Write out each record below exactly, but not the pictures.

[Start of Attachment]

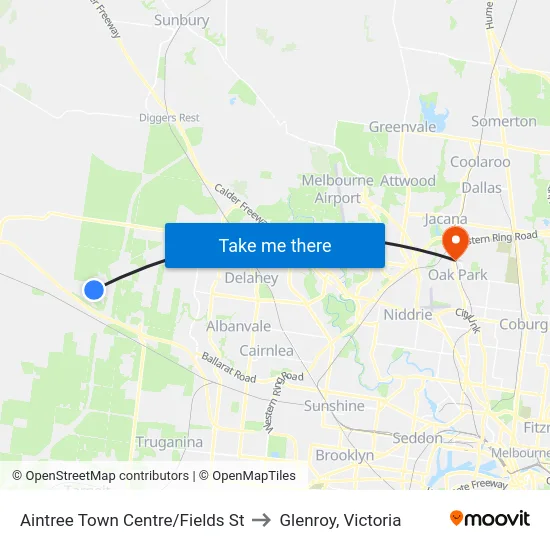 Aintree Town Centre/Fields St to Glenroy, Victoria map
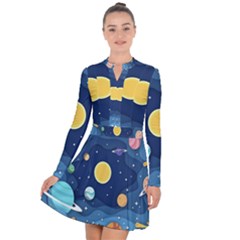 Galaxy Background Long Sleeve Panel Dress by danenraven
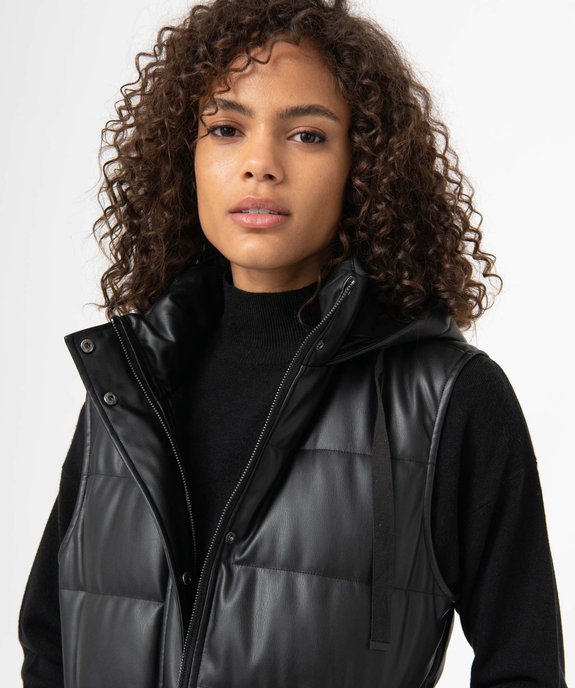 Blouson femme matelassé sans manches à capuche coupe longue vue2 - GEMO(FEMME PAP) - GEMO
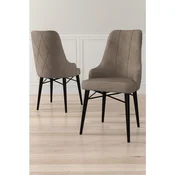 Hanah Home set trpezarijskih stolica Neta 8 kom, kapucino tkanina Babyface, crne drvene noge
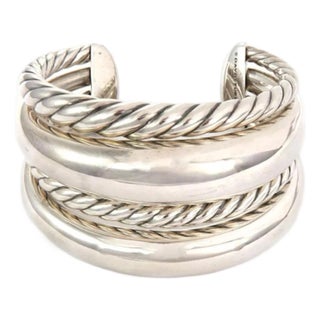 David Yurman Pure Form 4 Row Sterling Silver 42mm Wide Cuff Bracelet For Sale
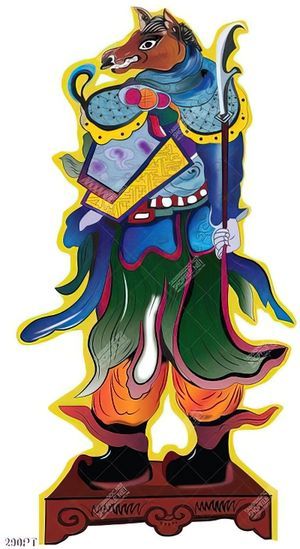 Tranh trang trí tường đầu trâu mặt ngựa in kính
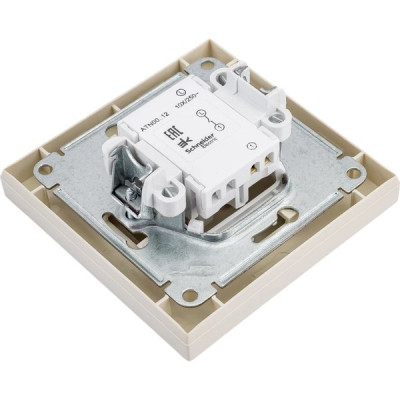 Выключатель с/у 1-кл 10А, IP20, в сборе, Schneider Electric ATLASDESIGN [ATN000212][15] бежевый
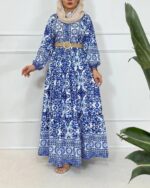 پیراهن ساحلی آبی کاربنی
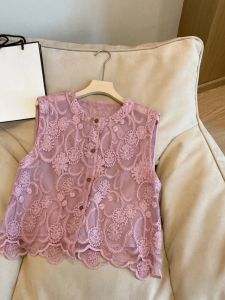 เสื้อเชิ้ตแขนกุดปักลูกไม้สไตล์ฤดูร้อน ทรงหลวม สีสันสดใส แขนกุด ปิดด้วยกระดุมเดียว สไตล์วินเทจ สำหรับผู้หญิง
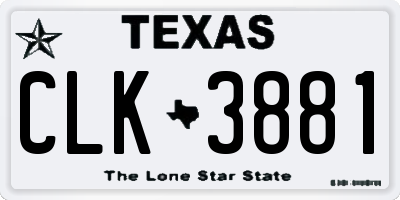 TX license plate CLK3881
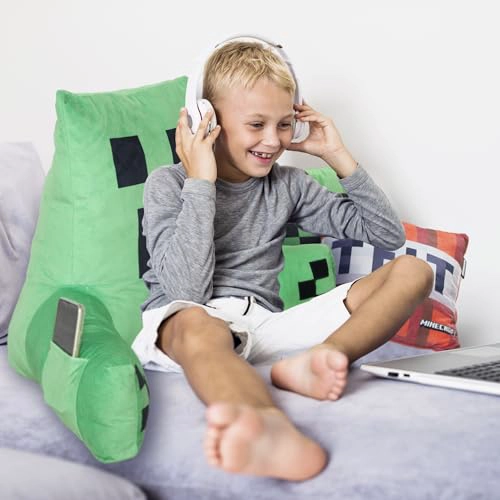 MINECRAFT RELAX PILLOW CREEPER COJIN DE SALON DE PERSONAJE REPOSABRAZOS BOLSILLO PARA TELE FONO - 6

[End of Attachment]

- **YOUR SOLUTION**
 Aintree Town Centre/Fields St to Glenroy, Victoria map
 Galaxy Background Long Sleeve Panel Dress by danenraven
 Blouson femme matelassé sans manches à capuche coupe longue vue2 - GEMO(FEMME PAP) - GEMO
 Hanah Home set trpezarijskih stolica Neta 8 kom, kapucino tkanina Babyface, crne drvene noge
 David Yurman Pure Form 4 Row Sterling Silver 42mm Wide Cuff Bracelet For Sale
 Tranh trang trí tường đầu trâu mặt ngựa in kính
 Выключатель с/у 1-кл 10А, IP20, в сборе, Schneider Electric ATLASDESIGN [ATN000212][15] бежевый
 پیراهن ساحلی آبی کاربنی
 เสื้อเชิ้ตแขนกุดปักลูกไม้สไตล์ฤดูร้อน ทรงหลวม สีสันสดใส แขนกุด ปิดด้วยกระดุมเดียว สไตล์วินเทจ สำหรับผู้หญิง
 TX license plate CLK3881
 MINECRAFT RELAX PILLOW CREEPER COJIN DE SALON DE PERSONAJE REPOSABRAZOS BOLSILLO PARA TELE FONO - 6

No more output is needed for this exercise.